-- EXERCISE REQUIREMENTS --
From the entries below, copy exactly the lines from the one that contains "Testing options for" through the one that contains "First, we're going", both included, and only those.

--- SUPPLIED MATERIAL Enclosed Below ---

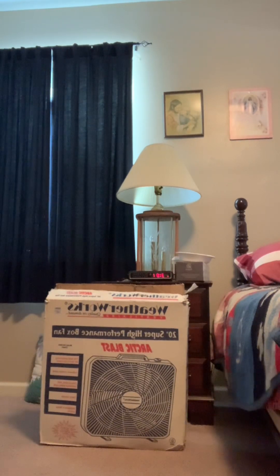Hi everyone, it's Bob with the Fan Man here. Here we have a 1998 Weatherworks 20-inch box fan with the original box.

--- End of Enclosed SUPPLIED MATERIAL ---
--- SUPPLIED MATERIAL Enclosed Below ---

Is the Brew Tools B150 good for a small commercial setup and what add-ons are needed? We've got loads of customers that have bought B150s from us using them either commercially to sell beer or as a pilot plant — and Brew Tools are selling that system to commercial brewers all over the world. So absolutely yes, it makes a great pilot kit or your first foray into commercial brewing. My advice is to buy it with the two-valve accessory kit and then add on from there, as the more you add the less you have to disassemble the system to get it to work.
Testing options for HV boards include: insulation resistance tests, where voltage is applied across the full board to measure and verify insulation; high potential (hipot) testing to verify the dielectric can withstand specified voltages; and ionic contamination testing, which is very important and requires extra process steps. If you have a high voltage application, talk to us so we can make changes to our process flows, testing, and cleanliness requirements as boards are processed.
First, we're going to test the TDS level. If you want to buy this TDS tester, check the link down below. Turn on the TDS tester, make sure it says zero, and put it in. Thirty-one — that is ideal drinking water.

--- End of Enclosed SUPPLIED MATERIAL ---
--- SUPPLIED MATERIAL Enclosed Below ---

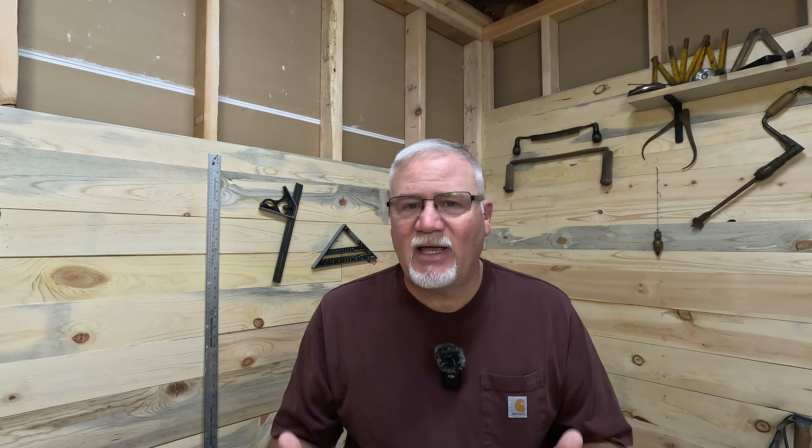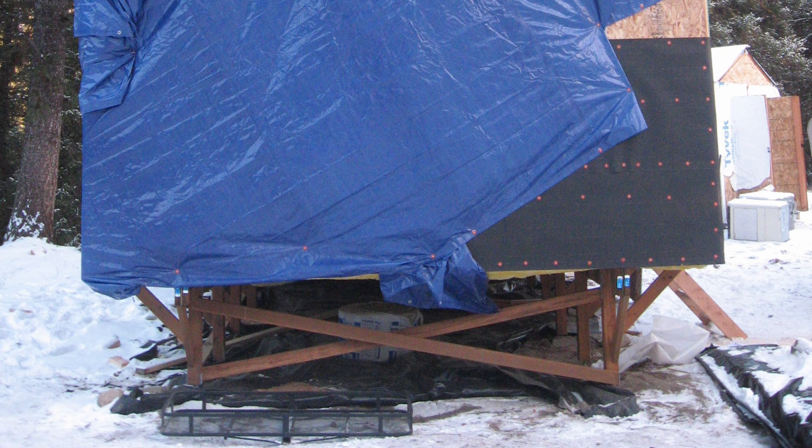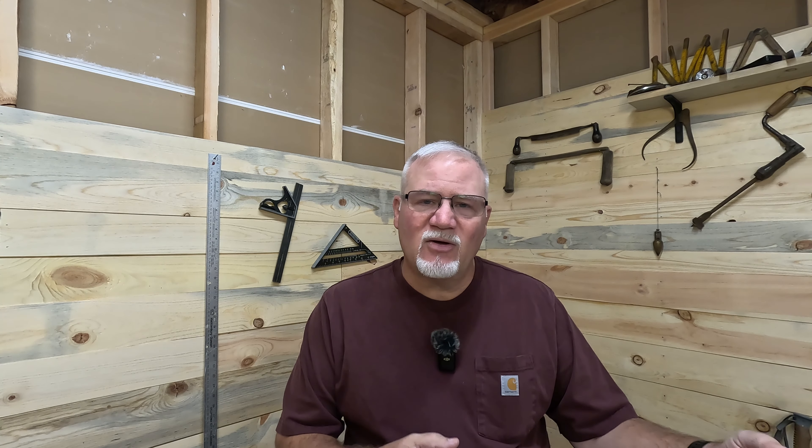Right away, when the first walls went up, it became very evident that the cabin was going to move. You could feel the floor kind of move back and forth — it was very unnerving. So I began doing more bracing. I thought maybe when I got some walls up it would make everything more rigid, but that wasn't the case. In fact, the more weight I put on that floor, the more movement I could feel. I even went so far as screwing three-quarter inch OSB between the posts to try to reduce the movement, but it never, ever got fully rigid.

--- End of Enclosed SUPPLIED MATERIAL ---

-- ANSWER BOX --
Testing options for HV boards include: insulation resistance tests, where voltage is applied across the full board to measure and verify insulation; high potential (hipot) testing to verify the dielectric can withstand specified voltages; and ionic contamination testing, which is very important and requires extra process steps. If you have a high voltage application, talk to us so we can make changes to our process flows, testing, and cleanliness requirements as boards are processed.
First, we're going to test the TDS level. If you want to buy this TDS tester, check the link down below. Turn on the TDS tester, make sure it says zero, and put it in. Thirty-one — that is ideal drinking water.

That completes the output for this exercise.